I do not understand the conversation about Sonia Sotomayor’s notional affirmative action advantages at all, not at all. The affirmative action that gives you a kick upwards in Eastern Establishment territory is the thumb on the scale for white people from the right schools and neighborhoods and families, especially legacy applicants: it’s the most affirmative and active of all. W got into Yale, for Pete’s sake!
I remember arriving at Harvard (a decade before SS went to college) from the Bronx HS of Science, whence Harvard had admitted eleven students a year since forever, out of a graduating class of about 800- of whom, we learned, none had ever graduated less than magna. There I found many things of interest to a New York kid, for example (1) Protestants! (2) …who seemed to be in charge of everything! My social justice gland went into overdrive as I started to meet the thirty-odd Pomfret students (a third of their graduates) in my class through my roommate, and compare them just on general smarts to the BHSS students who hadn’t made the cut with me.
It’s the credentials of WASPs we should be discounting, not Sotomayor’s, especially given Princeton’s reputation at the time as the “northernmost Southern school” and a distinct laggard in accommodating minorities of any kind (it certainly seemed that way to Michelle Obama a decade later). Speaking of minorities, I wonder if Princeton wasn’t also infected with the condescending anti-Catholic fungus (which may have been more pronounced in Boston given its political history) that pervaded Harvard at least through the eighties. I remember standing with a glass of sherry at some event, on the fringes of a conversation between two distinguished faculty members seriously considering whether Catholics were really capable of independent thinking, and realizing that they both knew my name (but, having just been introduced, could not know that the obvious inference was incorrect).
If we’re going to recalibrate Sotomayor’s academic credentials at all, I think we have to at least get the sign right, and recognize that she would have had a much easier ride at Princeton were she named Woods or Grove, or even Bigthicket.
Author: Michael O'Hare
Professor of Public Policy at the Goldman School of Public Policy, University of California, Berkeley, Michael O'Hare was raised in New York City and trained at Harvard as an architect and structural engineer. Diverted from an honest career designing buildings by the offer of a job in which he could think about anything he wanted to and spend his time with very smart and curious young people, he fell among economists and such like, and continues to benefit from their generosity with on-the-job social science training.
He has followed the process and principles of design into "nonphysical environments" such as production processes in organizations, regulation, and information management and published a variety of research in environmental policy, government policy towards the arts, and management, with special interests in energy, facility siting, information and perceptions in public choice and work environments, and policy design. His current research is focused on transportation biofuels and their effects on global land use, food security, and international trade; regulatory policy in the face of scientific uncertainty; and, after a three-decade hiatus, on NIMBY conflicts afflicting high speed rail right-of-way and nuclear waste disposal sites. He is also a regular writer on pedagogy, especially teaching in professional education, and co-edited the "Curriculum and Case Notes" section of the Journal of Policy Analysis and Management.
Between faculty appointments at the MIT Department of Urban Studies and Planning and the John F. Kennedy School of Government at Harvard, he was director of policy analysis at the Massachusetts Executive Office of Environmental Affairs. He has had visiting appointments at Università Bocconi in Milan and the National University of Singapore and teaches regularly in the Goldman School's executive (mid-career) programs.
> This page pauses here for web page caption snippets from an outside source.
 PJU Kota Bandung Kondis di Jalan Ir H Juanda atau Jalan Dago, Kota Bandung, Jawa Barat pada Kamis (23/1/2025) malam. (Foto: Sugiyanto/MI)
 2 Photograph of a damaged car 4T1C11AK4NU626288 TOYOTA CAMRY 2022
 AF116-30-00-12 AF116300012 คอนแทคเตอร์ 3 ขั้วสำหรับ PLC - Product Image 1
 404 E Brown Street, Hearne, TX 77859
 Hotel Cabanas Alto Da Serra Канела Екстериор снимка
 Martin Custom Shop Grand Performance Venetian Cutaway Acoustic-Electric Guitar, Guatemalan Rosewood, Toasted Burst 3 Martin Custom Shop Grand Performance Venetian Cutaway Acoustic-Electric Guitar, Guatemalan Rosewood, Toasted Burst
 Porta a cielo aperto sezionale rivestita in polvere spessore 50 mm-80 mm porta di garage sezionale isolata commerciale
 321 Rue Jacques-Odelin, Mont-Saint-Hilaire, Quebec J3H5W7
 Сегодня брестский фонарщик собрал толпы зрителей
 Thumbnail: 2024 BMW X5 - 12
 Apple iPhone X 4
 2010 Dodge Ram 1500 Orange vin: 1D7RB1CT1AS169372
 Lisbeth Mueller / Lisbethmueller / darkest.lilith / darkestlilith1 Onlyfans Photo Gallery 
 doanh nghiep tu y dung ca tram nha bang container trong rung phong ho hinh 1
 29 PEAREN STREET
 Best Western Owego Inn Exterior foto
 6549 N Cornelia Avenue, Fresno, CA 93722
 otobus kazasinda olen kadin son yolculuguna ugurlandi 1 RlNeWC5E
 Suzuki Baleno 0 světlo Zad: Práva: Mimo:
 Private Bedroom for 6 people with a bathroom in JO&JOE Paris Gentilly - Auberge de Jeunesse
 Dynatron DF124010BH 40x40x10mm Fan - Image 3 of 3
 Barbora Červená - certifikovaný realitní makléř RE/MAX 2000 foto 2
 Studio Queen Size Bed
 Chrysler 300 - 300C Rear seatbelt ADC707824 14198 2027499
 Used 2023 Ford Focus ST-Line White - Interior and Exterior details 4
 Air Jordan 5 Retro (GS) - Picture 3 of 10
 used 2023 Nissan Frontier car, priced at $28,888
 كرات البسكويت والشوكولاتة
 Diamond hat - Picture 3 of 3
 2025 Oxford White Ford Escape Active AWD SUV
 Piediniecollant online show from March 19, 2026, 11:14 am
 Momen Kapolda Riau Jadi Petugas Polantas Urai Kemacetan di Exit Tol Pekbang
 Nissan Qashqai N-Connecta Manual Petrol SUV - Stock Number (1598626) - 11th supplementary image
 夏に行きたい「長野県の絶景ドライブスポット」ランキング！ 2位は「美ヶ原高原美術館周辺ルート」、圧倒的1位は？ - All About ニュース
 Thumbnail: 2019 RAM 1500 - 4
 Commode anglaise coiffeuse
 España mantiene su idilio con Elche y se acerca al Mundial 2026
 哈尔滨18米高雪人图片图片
At GSPP, O'Hare has taught a studio course in Program and Policy Design, Arts and Cultural Policy, Public Management, the pedagogy course for graduate student instructors, Quantitative Methods, Environmental Policy, and the introduction to public policy for its undergraduate minor, which he supervises. Generally, he considers himself the school's resident expert in any subject in which there is no such thing as real expertise (a recent project concerned the governance and design of California county fairs), but is secure in the distinction of being the only faculty member with a metal lathe in his basement and a 4×5 Ebony view camera. At the moment, he would rather be making something with his hands than writing this blurb.